Elassandra operator automatically create strong passwords in the elassandra-{clusterName} secret for the following account if they does not yet exists :

  • Cassandra cassandra superuser.

  • Cassandra admin role with the cassandra superuser privilege.

  • Cassandra elassandra_operator role with no superuser privilege.

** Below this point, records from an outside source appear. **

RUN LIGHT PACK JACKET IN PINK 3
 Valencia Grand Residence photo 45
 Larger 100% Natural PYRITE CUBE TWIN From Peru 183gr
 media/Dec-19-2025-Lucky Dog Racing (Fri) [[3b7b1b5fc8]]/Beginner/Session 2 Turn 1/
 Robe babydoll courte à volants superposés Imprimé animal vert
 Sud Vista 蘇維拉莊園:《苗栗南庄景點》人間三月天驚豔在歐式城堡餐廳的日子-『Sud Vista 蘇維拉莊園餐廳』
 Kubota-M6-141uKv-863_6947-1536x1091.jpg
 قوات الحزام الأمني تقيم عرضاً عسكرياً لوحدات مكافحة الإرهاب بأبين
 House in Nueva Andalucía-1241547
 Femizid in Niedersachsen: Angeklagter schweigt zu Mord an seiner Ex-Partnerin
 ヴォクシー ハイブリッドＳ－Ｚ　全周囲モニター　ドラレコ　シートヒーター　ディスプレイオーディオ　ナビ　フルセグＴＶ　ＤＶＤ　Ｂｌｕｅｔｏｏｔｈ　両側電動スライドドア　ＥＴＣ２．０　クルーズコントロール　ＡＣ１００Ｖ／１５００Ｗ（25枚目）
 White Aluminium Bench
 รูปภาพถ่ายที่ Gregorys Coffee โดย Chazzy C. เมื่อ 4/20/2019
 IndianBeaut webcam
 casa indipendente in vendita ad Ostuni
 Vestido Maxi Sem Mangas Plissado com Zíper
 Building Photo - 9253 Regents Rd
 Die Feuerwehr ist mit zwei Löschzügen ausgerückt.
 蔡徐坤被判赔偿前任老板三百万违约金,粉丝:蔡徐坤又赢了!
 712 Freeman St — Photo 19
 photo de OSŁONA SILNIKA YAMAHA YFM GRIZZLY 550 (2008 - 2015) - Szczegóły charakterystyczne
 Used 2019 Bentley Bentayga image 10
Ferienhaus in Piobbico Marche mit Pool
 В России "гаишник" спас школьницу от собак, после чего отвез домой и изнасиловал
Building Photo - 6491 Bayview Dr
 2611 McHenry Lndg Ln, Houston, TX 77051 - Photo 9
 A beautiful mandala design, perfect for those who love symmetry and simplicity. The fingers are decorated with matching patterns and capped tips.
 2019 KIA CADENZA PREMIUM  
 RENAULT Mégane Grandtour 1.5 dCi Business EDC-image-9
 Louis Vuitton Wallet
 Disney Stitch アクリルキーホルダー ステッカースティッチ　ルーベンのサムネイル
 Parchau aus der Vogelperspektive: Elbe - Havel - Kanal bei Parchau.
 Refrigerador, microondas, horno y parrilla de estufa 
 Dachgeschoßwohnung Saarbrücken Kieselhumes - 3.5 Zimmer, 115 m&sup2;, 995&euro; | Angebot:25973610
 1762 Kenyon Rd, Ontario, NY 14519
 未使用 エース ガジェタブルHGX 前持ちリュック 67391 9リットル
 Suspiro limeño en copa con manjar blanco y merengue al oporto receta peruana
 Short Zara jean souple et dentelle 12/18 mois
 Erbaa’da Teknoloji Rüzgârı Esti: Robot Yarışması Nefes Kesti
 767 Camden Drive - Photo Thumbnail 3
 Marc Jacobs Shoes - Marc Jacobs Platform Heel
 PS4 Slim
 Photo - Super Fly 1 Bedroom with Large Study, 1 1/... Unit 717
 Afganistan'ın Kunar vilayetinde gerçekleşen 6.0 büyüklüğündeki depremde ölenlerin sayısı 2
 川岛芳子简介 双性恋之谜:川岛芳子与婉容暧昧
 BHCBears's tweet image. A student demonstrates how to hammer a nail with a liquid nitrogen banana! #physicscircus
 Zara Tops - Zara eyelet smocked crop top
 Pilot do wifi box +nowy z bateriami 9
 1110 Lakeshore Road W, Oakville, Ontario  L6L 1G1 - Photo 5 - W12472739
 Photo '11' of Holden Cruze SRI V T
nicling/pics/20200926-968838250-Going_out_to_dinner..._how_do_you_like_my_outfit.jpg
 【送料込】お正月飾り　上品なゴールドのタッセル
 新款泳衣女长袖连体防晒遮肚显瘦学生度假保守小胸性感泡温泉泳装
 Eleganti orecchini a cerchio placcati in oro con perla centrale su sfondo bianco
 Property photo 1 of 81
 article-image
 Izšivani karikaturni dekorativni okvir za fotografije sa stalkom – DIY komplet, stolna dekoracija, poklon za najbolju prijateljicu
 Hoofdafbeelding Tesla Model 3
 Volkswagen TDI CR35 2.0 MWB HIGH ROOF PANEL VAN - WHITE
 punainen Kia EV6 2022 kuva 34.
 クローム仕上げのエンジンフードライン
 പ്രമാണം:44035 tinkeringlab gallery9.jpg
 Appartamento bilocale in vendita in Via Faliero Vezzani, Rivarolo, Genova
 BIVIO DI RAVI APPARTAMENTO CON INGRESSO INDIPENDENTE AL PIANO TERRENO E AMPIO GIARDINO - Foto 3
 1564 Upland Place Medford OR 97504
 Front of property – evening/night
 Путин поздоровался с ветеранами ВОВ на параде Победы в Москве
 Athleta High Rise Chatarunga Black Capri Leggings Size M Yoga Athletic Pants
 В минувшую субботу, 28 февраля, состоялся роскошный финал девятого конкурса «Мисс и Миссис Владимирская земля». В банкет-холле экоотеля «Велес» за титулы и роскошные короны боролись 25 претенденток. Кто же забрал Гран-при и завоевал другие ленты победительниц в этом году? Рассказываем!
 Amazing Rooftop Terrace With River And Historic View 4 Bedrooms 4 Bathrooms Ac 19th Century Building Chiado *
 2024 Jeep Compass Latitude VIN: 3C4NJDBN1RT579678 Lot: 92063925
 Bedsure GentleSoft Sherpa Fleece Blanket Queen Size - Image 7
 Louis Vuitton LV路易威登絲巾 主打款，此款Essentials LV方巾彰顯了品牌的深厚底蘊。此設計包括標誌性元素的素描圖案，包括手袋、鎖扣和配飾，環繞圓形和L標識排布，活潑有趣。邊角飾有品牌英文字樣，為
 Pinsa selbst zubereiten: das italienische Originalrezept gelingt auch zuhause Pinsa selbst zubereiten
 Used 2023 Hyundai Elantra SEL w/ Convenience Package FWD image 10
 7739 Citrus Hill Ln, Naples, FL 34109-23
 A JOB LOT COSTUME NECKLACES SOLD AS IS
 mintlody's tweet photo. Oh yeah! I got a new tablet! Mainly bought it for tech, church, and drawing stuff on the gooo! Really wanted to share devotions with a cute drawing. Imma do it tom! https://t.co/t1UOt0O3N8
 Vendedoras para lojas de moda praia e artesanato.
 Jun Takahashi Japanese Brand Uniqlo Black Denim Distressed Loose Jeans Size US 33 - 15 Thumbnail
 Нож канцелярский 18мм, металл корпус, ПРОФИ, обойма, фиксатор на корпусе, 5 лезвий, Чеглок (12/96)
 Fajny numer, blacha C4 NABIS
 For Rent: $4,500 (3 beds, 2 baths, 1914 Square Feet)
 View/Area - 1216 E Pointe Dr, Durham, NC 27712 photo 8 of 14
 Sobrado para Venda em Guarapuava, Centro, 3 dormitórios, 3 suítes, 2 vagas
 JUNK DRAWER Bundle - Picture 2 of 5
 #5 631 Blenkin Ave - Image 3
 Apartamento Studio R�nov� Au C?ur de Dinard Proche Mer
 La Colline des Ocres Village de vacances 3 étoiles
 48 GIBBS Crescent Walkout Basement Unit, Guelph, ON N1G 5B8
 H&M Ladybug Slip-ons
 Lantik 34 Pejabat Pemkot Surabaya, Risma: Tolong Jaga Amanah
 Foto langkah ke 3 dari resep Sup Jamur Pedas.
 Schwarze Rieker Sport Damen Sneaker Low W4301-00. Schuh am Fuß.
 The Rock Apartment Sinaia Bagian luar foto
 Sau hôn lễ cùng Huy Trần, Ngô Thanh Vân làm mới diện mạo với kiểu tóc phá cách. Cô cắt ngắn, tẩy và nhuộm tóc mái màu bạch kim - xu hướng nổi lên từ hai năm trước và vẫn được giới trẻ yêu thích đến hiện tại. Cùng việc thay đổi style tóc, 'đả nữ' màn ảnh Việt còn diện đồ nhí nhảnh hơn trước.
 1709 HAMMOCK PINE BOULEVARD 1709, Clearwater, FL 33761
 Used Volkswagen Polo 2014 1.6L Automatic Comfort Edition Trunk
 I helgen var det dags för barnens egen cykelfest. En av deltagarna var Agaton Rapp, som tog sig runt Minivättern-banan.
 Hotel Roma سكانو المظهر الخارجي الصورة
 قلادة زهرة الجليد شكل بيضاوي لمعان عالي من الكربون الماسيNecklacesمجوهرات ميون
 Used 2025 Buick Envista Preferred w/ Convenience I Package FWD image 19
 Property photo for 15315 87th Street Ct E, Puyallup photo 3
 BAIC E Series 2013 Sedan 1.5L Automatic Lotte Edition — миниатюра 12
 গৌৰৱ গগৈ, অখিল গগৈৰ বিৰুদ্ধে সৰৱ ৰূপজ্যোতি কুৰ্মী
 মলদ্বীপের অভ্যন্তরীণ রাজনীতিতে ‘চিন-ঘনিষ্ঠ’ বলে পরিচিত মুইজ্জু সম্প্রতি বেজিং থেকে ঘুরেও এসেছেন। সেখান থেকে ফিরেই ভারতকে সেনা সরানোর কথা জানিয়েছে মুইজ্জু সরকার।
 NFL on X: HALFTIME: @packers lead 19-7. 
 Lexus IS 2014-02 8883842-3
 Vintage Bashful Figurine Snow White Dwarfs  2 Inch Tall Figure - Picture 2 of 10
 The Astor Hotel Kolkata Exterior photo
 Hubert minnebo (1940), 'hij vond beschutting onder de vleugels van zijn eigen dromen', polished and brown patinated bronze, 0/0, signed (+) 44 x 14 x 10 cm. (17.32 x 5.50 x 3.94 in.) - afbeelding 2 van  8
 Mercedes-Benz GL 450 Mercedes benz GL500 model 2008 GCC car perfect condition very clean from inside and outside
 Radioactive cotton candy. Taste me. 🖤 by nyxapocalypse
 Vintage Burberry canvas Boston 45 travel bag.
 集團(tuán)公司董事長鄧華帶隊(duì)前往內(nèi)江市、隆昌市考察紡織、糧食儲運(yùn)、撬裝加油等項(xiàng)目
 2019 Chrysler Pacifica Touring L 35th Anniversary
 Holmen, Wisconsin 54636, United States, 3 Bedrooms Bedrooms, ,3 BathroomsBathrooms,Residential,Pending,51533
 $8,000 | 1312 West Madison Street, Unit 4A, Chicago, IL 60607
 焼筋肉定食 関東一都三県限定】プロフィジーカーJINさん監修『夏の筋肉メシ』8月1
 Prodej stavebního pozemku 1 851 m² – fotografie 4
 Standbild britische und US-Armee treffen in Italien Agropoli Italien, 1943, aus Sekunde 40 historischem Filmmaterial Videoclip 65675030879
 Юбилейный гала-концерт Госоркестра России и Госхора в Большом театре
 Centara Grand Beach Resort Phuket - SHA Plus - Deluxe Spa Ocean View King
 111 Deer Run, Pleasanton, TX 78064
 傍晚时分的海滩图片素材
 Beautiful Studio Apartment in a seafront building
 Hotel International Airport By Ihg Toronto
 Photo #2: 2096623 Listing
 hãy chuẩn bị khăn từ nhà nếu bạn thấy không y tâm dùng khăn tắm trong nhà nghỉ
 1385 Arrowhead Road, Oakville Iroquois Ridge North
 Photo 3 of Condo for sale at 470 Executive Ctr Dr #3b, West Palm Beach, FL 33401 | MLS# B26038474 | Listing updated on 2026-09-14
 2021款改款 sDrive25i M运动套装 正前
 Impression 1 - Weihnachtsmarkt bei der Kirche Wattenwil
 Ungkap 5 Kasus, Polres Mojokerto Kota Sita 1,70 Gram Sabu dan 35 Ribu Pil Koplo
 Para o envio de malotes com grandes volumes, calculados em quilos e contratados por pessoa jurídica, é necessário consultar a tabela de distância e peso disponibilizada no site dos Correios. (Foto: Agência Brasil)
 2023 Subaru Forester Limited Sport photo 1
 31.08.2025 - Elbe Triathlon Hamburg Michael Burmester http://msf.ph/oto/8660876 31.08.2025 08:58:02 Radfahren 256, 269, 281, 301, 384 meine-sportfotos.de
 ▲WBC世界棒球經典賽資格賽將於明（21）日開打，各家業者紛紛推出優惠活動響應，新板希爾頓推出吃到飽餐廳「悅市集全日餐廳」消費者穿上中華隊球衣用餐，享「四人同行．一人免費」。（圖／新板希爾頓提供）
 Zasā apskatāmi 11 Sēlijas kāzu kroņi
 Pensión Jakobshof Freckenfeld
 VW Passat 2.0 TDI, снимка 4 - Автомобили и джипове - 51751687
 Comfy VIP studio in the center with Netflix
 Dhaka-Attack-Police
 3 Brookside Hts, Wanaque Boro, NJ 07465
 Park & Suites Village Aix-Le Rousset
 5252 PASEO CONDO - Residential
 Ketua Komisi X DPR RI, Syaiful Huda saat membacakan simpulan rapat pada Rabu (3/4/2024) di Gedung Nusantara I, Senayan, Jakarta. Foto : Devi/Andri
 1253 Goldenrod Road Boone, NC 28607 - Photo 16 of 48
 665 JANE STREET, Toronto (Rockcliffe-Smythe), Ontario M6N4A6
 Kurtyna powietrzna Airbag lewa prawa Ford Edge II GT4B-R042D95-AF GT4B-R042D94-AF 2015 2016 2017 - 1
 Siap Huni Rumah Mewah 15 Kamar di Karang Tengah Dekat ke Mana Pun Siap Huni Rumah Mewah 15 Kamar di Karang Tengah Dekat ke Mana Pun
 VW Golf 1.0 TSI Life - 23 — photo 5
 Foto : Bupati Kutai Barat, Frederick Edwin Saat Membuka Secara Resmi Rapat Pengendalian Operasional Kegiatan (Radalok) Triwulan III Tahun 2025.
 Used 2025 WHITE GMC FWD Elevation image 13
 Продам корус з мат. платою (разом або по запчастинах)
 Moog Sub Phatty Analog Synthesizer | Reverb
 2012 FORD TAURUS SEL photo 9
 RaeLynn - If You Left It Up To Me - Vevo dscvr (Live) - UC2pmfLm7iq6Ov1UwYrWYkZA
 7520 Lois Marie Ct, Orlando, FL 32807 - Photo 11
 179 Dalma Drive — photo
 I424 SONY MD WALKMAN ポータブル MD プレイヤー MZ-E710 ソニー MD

  • Cassandra JMX password

  • Cassandra reaper admin password.

Here is such kubernetes secret for an Elassandra cluster named cl1:

kubectl get secret -n ns1 elassandra-cl1 -o yaml
apiVersion: v1
kind: Secret
metadata:
  creationTimestamp: "2020-06-08T13:15:55Z"
  labels:
    app: elassandra
    app.kubernetes.io/managed-by: elassandra-operator
    elassandra.strapdata.com/cluster: cl1
    elassandra.strapdata.com/credential: "true"
  name: elassandra-cl1
  namespace: ns4
  ownerReferences:
  - apiVersion: elassandra.strapdata.com/v1beta1
    blockOwnerDeletion: true
    controller: true
    kind: ElassandraDatacenter
    name: elassandra-cl1-dc1
    uid: 497b922d-874c-4f2d-bf05-a31a3f4682de
  resourceVersion: "131584"
  selfLink: /api/v1/namespaces/ns4/secrets/elassandra-cl1
  uid: 8b27562c-54c3-48fb-8bfd-91ab253da775
type: Opaque
data:
  cassandra.admin_password: MmY5N2IzYWUtNWYyYy00MGI0LTgwMmEtYjIzOTZlOGU2Yzhi
  cassandra.cassandra_password: MzM5MTVhOTYtNTQyMC00ZmI0LTlkMjctMDE2Y2VhNmNmZDM0
  cassandra.elassandra_operator_password: ZmQ2NTI5NGQtZTI1ZS00MzFhLWFkZTctYzE2ZjQwOGY5ZDU0
  cassandra.jmx_password: NzRmYzUxM2YtYjkzNi00NzU2LWE3ZTEtNmVjMGM4Y2NlMTc4
  cassandra.reaper_password: YWM0ZmM2ZGMtZWI5OC00ZWQxLWI1NTUtYjg1NjEyYTMwZGJl
  shared-secret.yaml: YWFhLnNoYXJlZF9zZWNyZXQ6IDE0MjY0YjI4LWQ0ZTAtNGFkMC05MDUzLWE0NjUwMzk2MDI3Mg==

Like for certificates, in a multi-datacenter Elassandra cluster deployed in different namespaces or different Kubernetes clusters, you must copy this secret to all Elassandra datacenters.